◆ **WORK TASK**
The answer must be an exact copy of the lines from the one containing "Building Photo - 1019 Martin Luther King Dr" through the last line of the records, with the pictures left out.

(Image-caption web data)
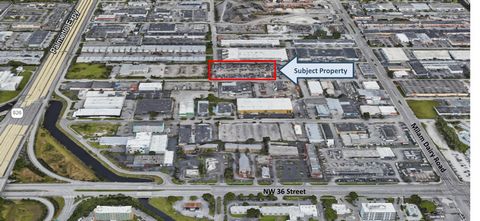 Zoning: IU-2 15 spaces, +1 handicapped Ideal Uses: logistics, heavy equipment and vehicle storage. flexibility to subdivide property or future growth. 3 Adjoining parcels Fully fenced, partially paved and fully secured Property currently used as a ho...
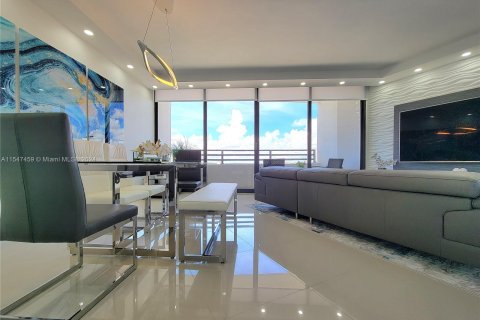 Condominio en venta en Hollywood, Florida, 2 dormitorios, 93.83 m2 № 1056785 - foto 5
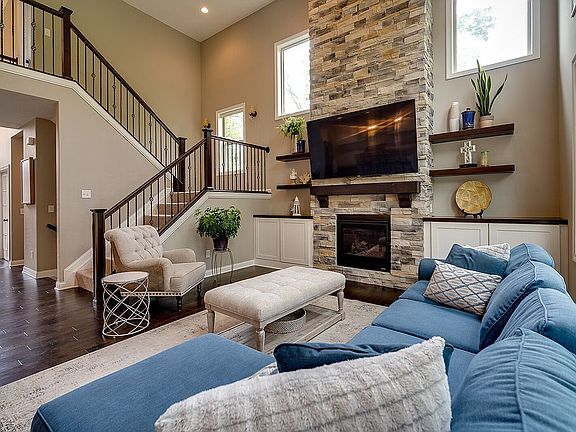 4th image of 7365 Montvale Ct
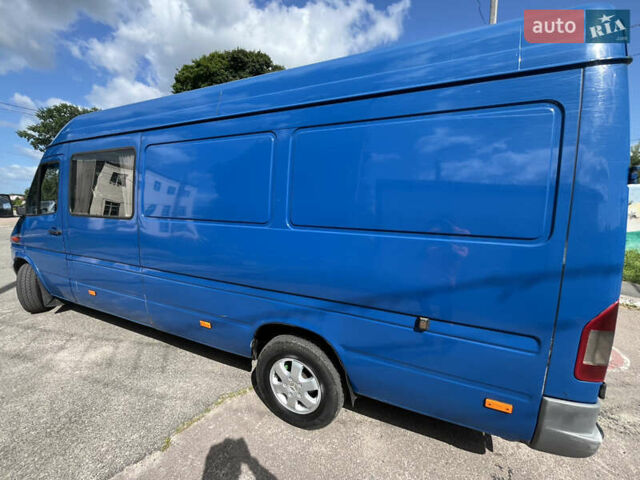 Синий Мерседес Sprinter, объемом двигателя 2.69 л и пробегом 450 тыс. км за 7777 $, фото 12 на Automoto.ua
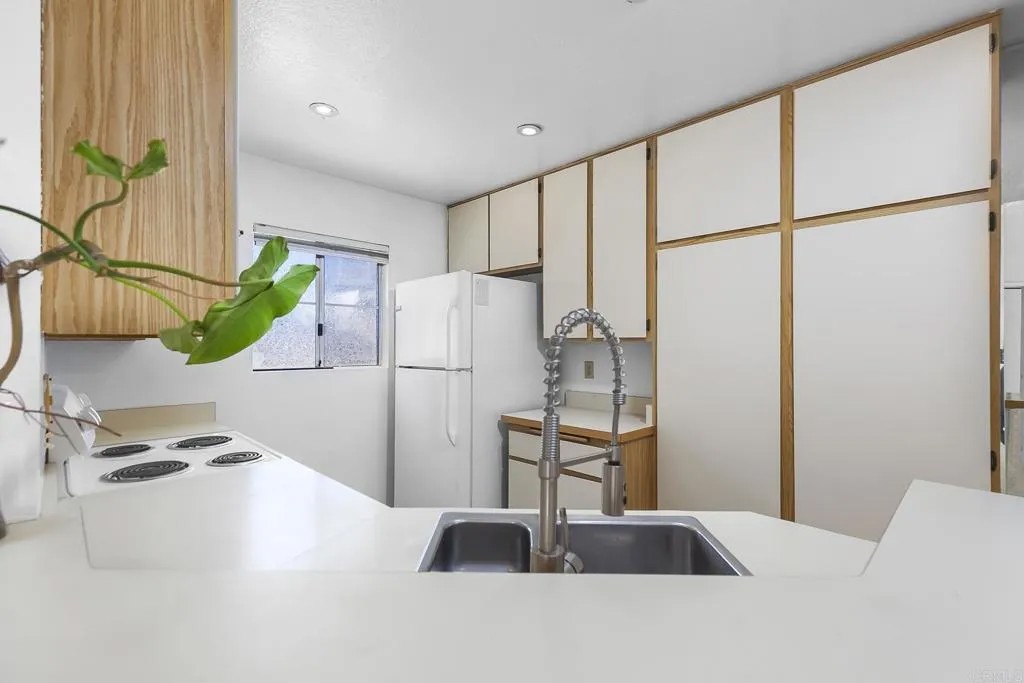 7248 Camino Degrazia 297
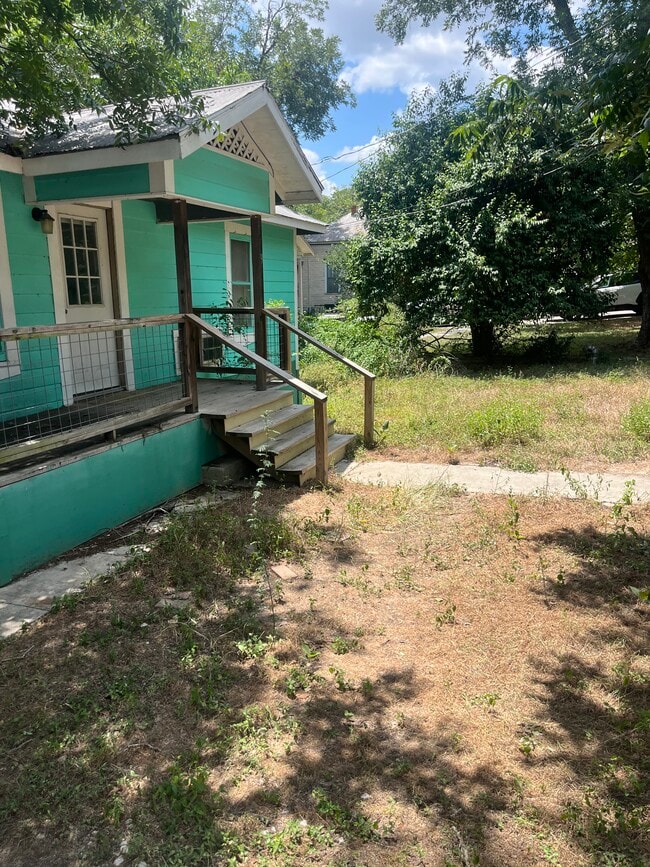 Building Photo - 1019 Martin Luther King Dr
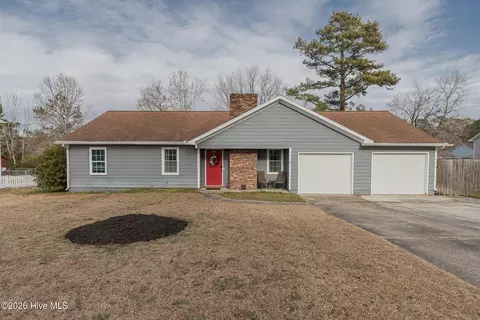 2206 Bridle Trl, Midway Park, NC 28544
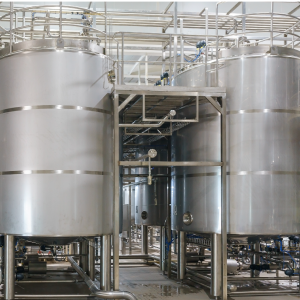 Tank Cleaning Mid-Sized Sanitary Tanks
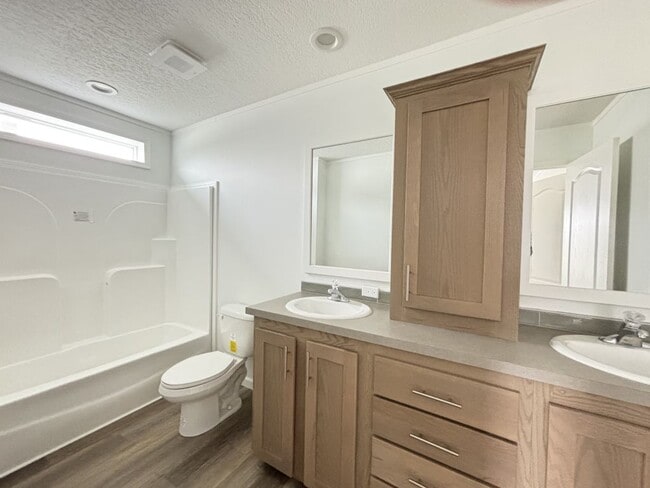 Photo - 7443 43rd Way N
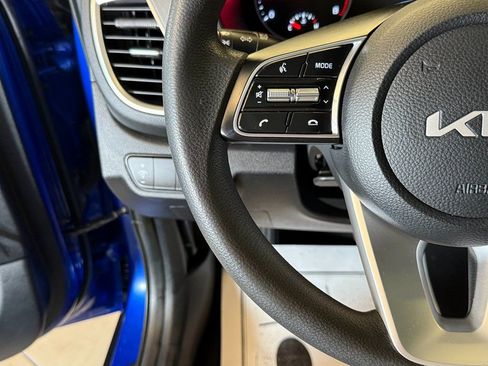 Used 2023 Kia Seltos LX image 9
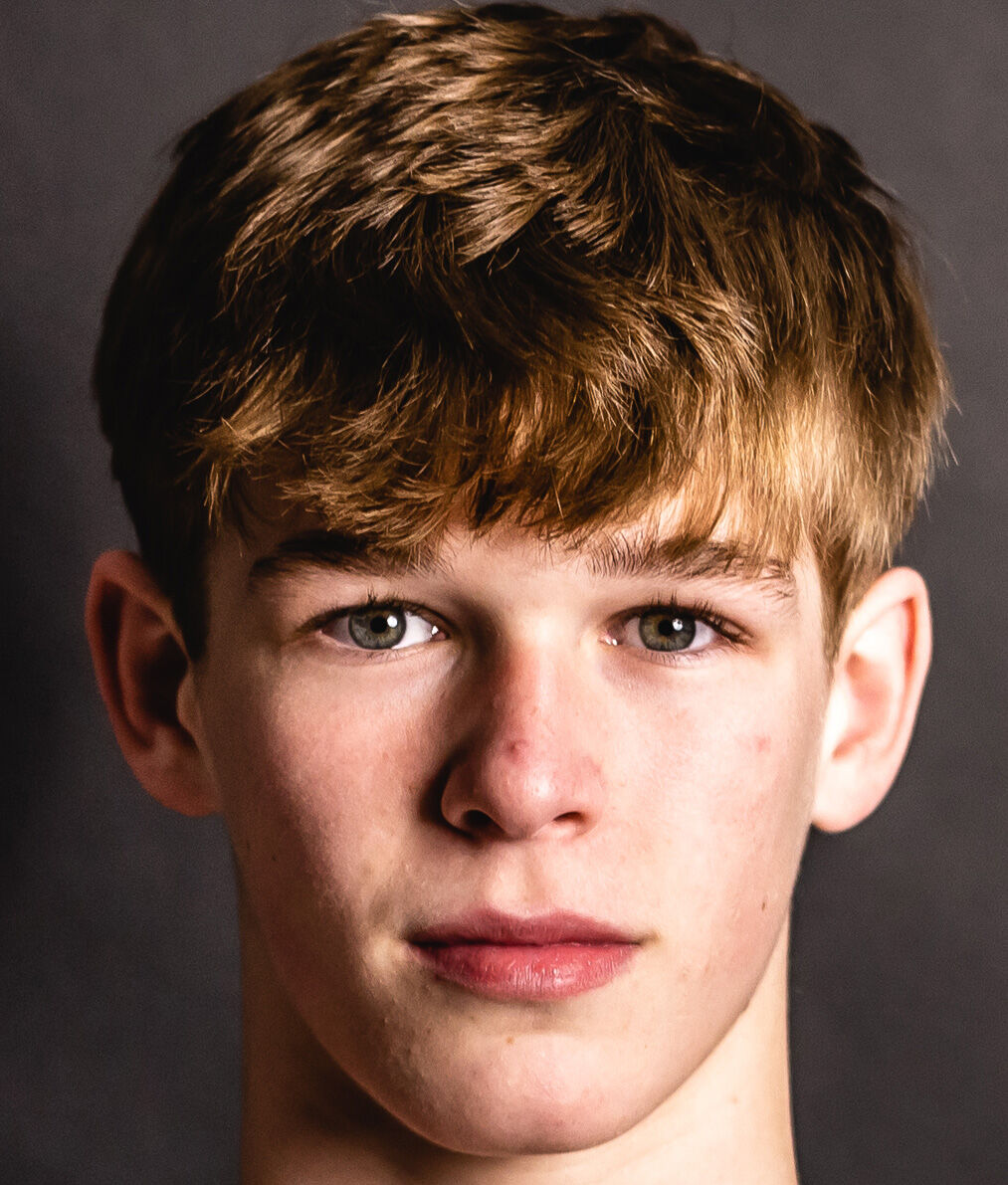 All-Metro boys wrestler of the year: Mascoutah's Santino Robinson closed  high school career with dominant, unbeaten season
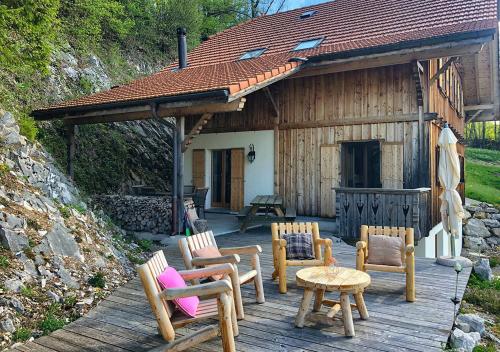 陽台/露台, Chalet authentique avec magnifique vue in 克雷敘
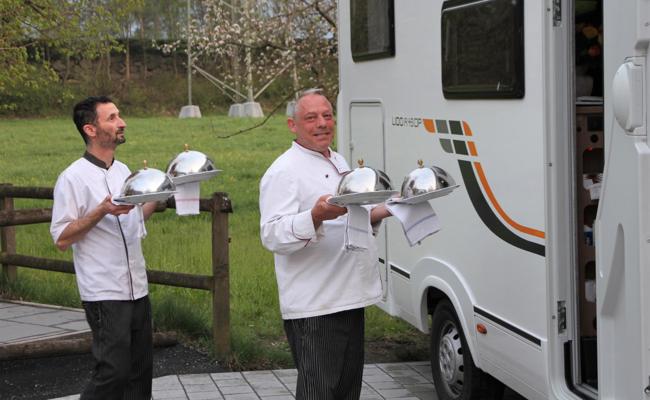Auswärts in der eigenen Stube essen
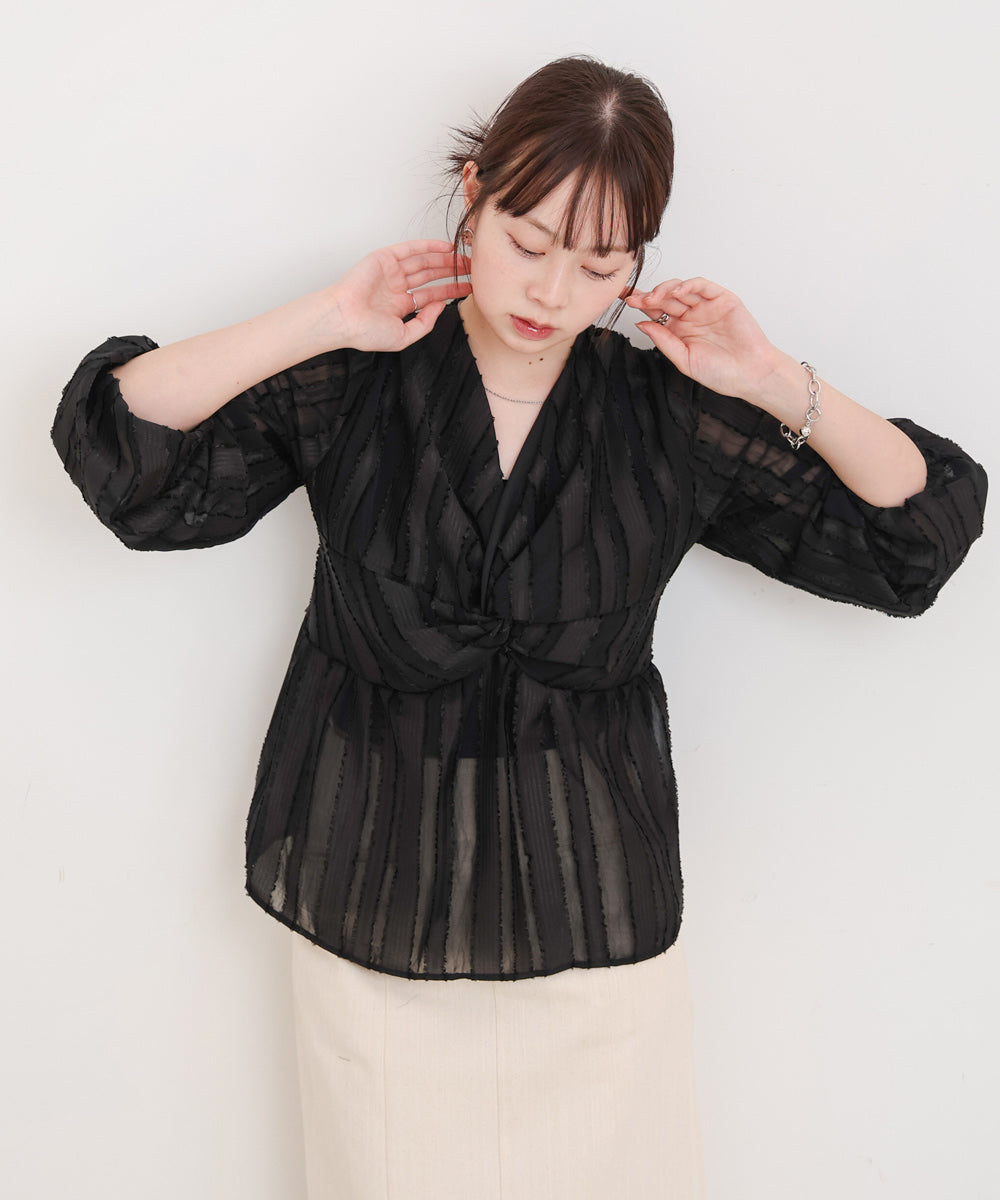 フロントねじりシャギーブラウス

◆ **PROBLEM SOLUTION**
 Building Photo - 1019 Martin Luther King Dr
 2206 Bridle Trl, Midway Park, NC 28544
 Tank Cleaning Mid-Sized Sanitary Tanks
 Photo - 7443 43rd Way N
 Used 2023 Kia Seltos LX image 9
 All-Metro boys wrestler of the year: Mascoutah's Santino Robinson closed  high school career with dominant, unbeaten season
 陽台/露台, Chalet authentique avec magnifique vue in 克雷敘
Auswärts in der eigenen Stube essen
 フロントねじりシャギーブラウス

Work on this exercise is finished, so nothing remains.